Documents Handed Out:
CCMA Annual Report 2001/2002


SUMMARY
The Commission for Conciliation, Mediation and Arbitration briefed the Committee about the work of the CCMA. Initially, the CCMA had focused on dispute resolution but currently, the approach was more on dispute prevention. This is carried through with the use of bargaining councils at the workplace so that disputes do not have to go as far as the CCMA when they can be prevented much earlier on. A big challenge has been the increased caseload since the establishment of the body whereas the human resources within the body have been greatly diminishing.

MINUTES
Mr Manie pointed out that the Committee would want further clarity on issues relating to the CCMA that have been reported in the media.

The Chairperson asked Mr Les Kettledas: Deputy Director-General, Department of Labour, to comment on any issues pertaining to the CCMA.

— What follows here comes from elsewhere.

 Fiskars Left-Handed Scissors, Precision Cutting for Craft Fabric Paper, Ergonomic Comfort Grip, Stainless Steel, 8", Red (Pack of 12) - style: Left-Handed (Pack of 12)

Mr Kettledas pointed out that Mr Molahlehi was new to the body and is coming in at a time when the CCMA is facing the challenge of implementing its programmes. The Chair advised the CCMA that in meeting its challenges, the Committee was at hand to help where needed.

Briefing by the CCMA
Mr Edwin Molahlehi: Director of the CCMA, reiterated that he was new to the CCMA though he had played a significant role in its establishment. They would be revisiting the vision and mission of the body through a strategic management meeting at the CCMA the following day. He pointed out that so far, the establishment of the CCMA has ensured that workplace disputes have been drastically reduced.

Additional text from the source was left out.